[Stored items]
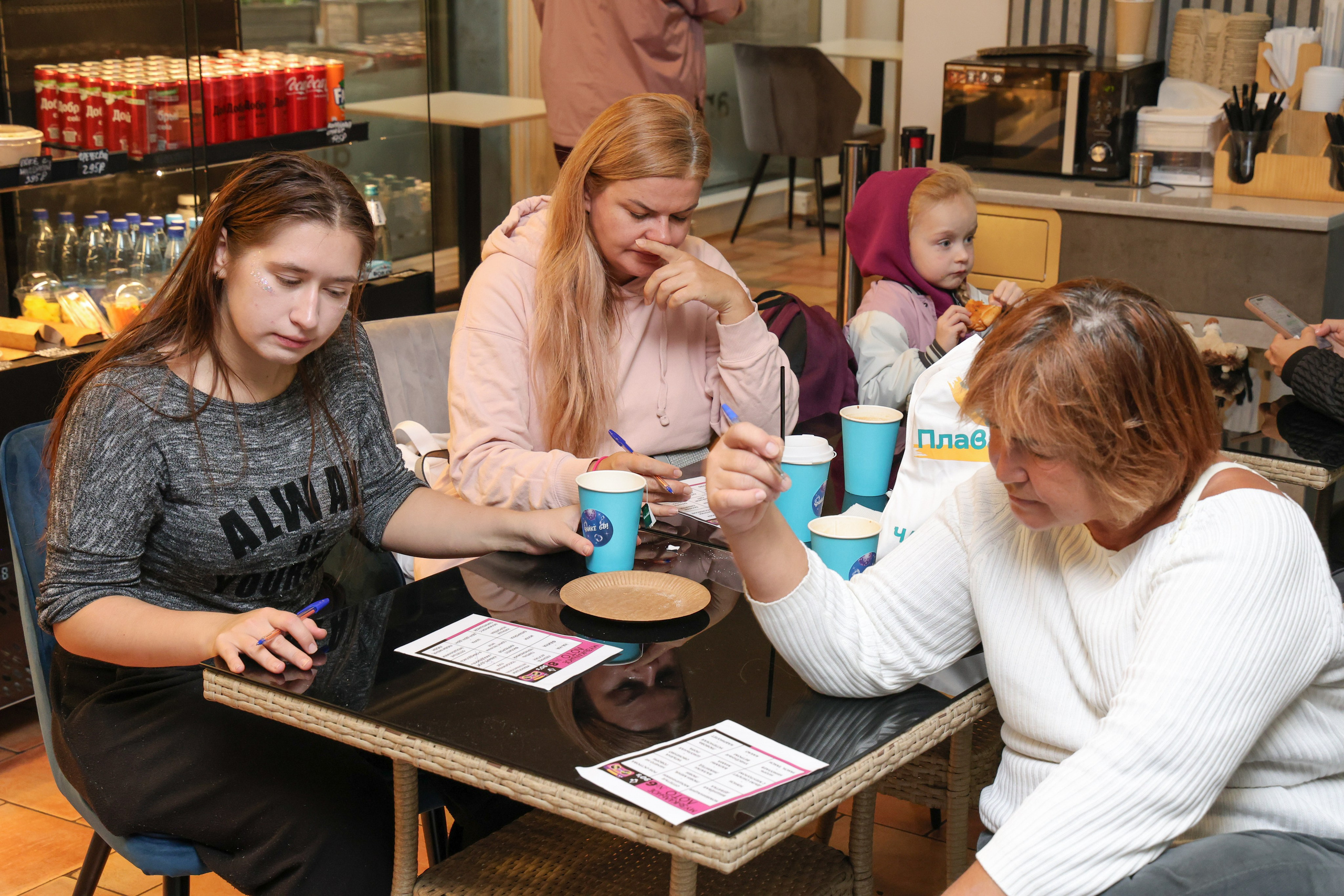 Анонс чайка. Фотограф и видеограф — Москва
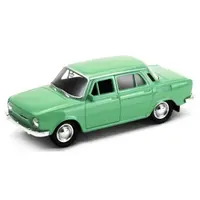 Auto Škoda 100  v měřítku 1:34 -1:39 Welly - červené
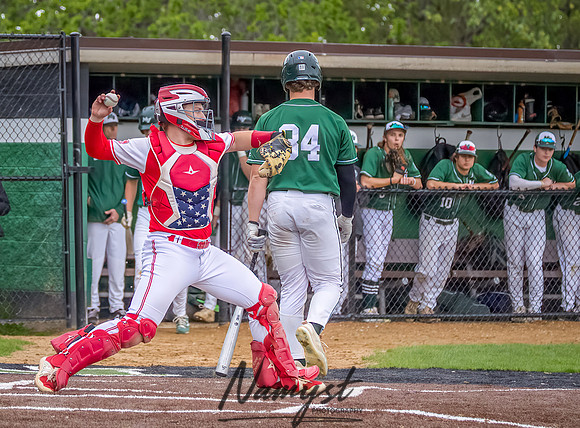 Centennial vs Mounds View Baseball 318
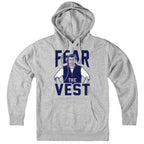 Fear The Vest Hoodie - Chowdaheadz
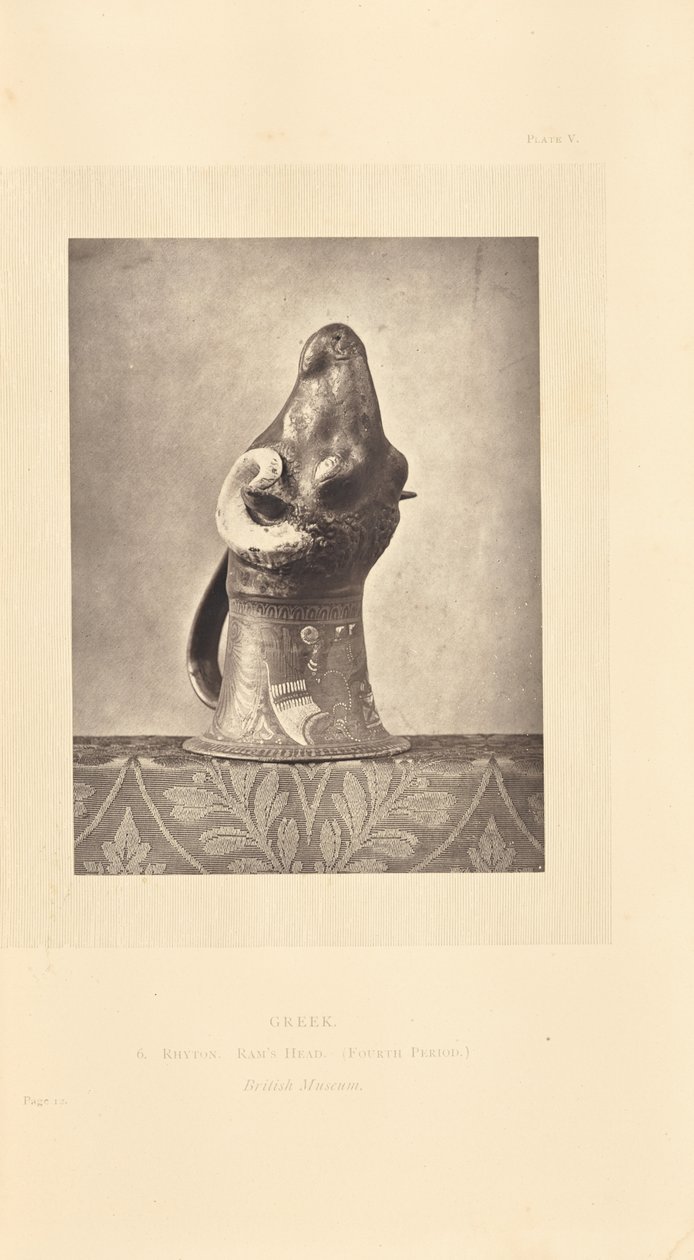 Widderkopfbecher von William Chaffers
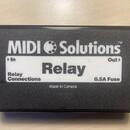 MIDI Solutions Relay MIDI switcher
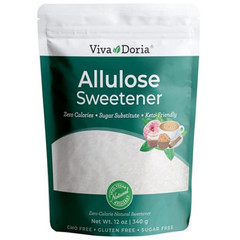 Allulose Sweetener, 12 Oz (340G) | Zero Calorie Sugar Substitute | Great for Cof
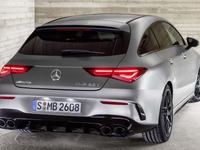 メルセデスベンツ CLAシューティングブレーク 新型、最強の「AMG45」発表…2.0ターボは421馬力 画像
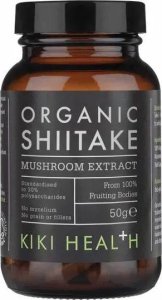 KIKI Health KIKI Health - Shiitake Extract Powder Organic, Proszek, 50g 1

Task to carry out
For this exercise, set down exactly the lines that run from the line holding "Allulose Sweetener, 12" to the last line of the records above; include both end lines and omit pictures.

Response
 Allulose Sweetener, 12 Oz (340G) | Zero Calorie Sugar Substitute | Great for Cof
 メルセデスベンツ CLAシューティングブレーク 新型、最強の「AMG45」発表…2.0ターボは421馬力 画像
 KIKI Health KIKI Health - Shiitake Extract Powder Organic, Proszek, 50g 1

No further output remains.